O volume de recursos de brasileiros bloqueados no exterior por ordem judicial já atingiu a casa de US$ 1,2 bilhão. Dados do Departamento de Recuperação de Ativos e Cooperação Jurídica Internacional (DRCI) mostram, no entanto, que só a identificação e o congelamento das contas não são suficientes para assegurar a devolução rápida do dinheiro. De toda a cifra fruto dos mais diversos crimes, apenas 18,6% já retornaram ao Brasil.

O principal entrave é a necessidade de uma sentença transitada em julgado — sem direito a recurso — para autorizar a devolução do dinheiro que estava escondido em contas no exterior. Ou seja, uma investigação aberta com indícios de corrupção vale para congelar uma conta no exterior, mas para trazer o dinheiro de volta é preciso mais do que isso. A culpa do criminoso tem que estar comprovada numa decisão judicial sem direito a contestação. Como no Judiciário brasileiro isso pode levar anos ou até mesmo décadas, há risco de o pedido de bloqueio se perder. E os recursos voltarem para o controle do dono da bolada. Pelos números oficiais do Ministério da Justiça, isso já ocorreu com US$ 98,1 milhões.

Esse valor foi desbloqueado por prescrição do crime que sustentava o pedido de devolução das autoridades brasileiras ou por alguma falha na investigação. A maior parte do que foi perdido, cerca de US$ 79 milhões, estava bloqueada desde 2008 a partir de pedidos da Justiça brasileira na chamada operação Satiagraha. Por irregularidades cometidas nas investigações, o processo foi anulado no Brasil e os recursos liberados, no ano passado, para os donos das contas. Outros US$ 6 milhões também foram desbloqueados este ano. Eram recursos de investigados no caso da Máfia dos Combustíveis de Minas Gerais que estavam bloqueados havia 14 anos. O motivo foi que o crime de evasão, que teria sido o único confirmado no processo brasileiro, não é aceito pela Suíça como fundamento para pedido de repatriação ao país onde o caso ocorreu.

— A efetividade na recuperação dos recursos bloqueados não é maior em razão da demora por falhas no processo penal brasileiro e não na cooperação jurídica entre os países — disse o secretário Nacional de Justiça, Astério Pereira dos Santos, a quem o DRCI está subordinado.

A lentidão da Justiça em chegar a um veredito final nas investigações tem feito pedidos de cooperação para devolução de recursos se arrastarem. Até hoje, o governo brasileiro não conseguiu recuperar os US$ 40 milhões depositados na Suíça por envolvidos no escândalo conhecido por Propinoduto, que implodiu esquema de corrupção de fiscais do Rio.
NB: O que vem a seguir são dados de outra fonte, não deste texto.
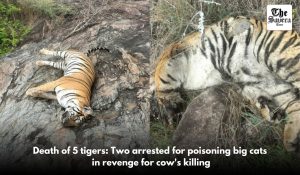 Death of 5 tigers: Two arrested for poisoning big cats in revenge for cow’s killing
No caso de três acusados, os crimes já prescreveram, e o que ainda sustentaria o bloqueio de recursos na Suíça é uma condenação na esfera civil no Rio. Segundo o DRCI, o dinheiro ainda estaria bloqueado a pedido das autoridades brasileiras.

O coordenador da área de cooperação jurídica internacional da Procuradoria-Geral da República, Vladimir Aras, diz que o modelo atual acelerou muito o processo de bloqueio de recursos no exterior. Há caso de bloqueio feito em 24 horas, mas não existe garantia de que o dinheiro, de fato, voltará.

— O risco de perda de grande parte dos ativos é concreto. É frustrante para todos os órgãos envolvidos saber que o enriquecimento ilícito pode ser sacramentado pela ineficiência do sistema — disse Aras.

Nos últimos 17 anos, período em que o DRCI registra ações de recuperação de ativos, 2015 é um ponto fora da curva. Tanto no bloqueio como na efetiva repatriação de dinheiro. Com a LavaJato mirando grandes empreiteiras, foram bloqueados naquele ano US$ 579,5 milhões, e recuperados US$ 144,7 milhões. Em 2016, o volume de recursos bloqueados voltou a cair para o patamar registrado em 2013, com bloqueio de US$ 18,4 milhões. Este ano, ainda impulsionados pela Lava-Jato, os números voltaram a subir: foram congeladas contas com US$ 98,5 milhões.